What are the lines, word for word, from the line with "Ein kleiner junge in einem Kletterpark" up to and including the line with "professional_women_working_laptop_close_up" in the records below? Omit the pictures.
[[ Recorded information, beginning ]]
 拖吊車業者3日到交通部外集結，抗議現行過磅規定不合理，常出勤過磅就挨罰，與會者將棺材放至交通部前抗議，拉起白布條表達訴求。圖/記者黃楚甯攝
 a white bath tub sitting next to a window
[[ Recorded information, end ]]
[[ Recorded information, beginning ]]
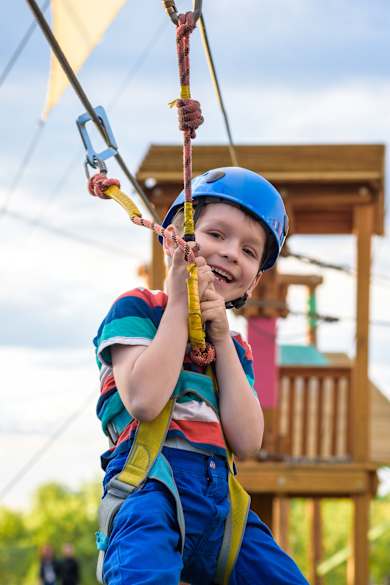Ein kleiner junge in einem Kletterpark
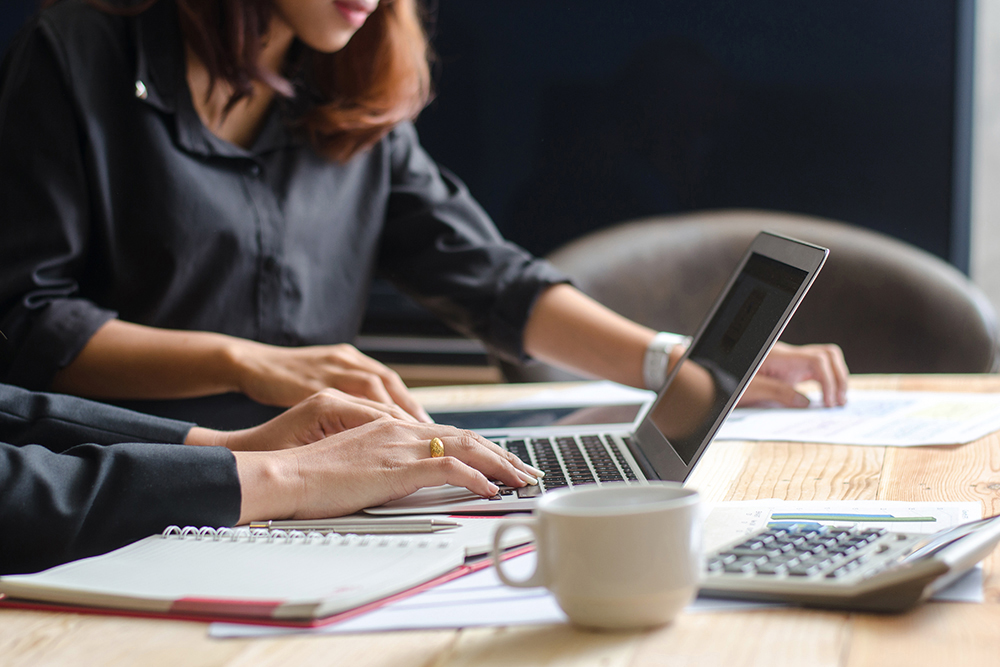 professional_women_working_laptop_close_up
[[ Recorded information, end ]]
### Exercise answer
Ein kleiner junge in einem Kletterpark
 professional_women_working_laptop_close_up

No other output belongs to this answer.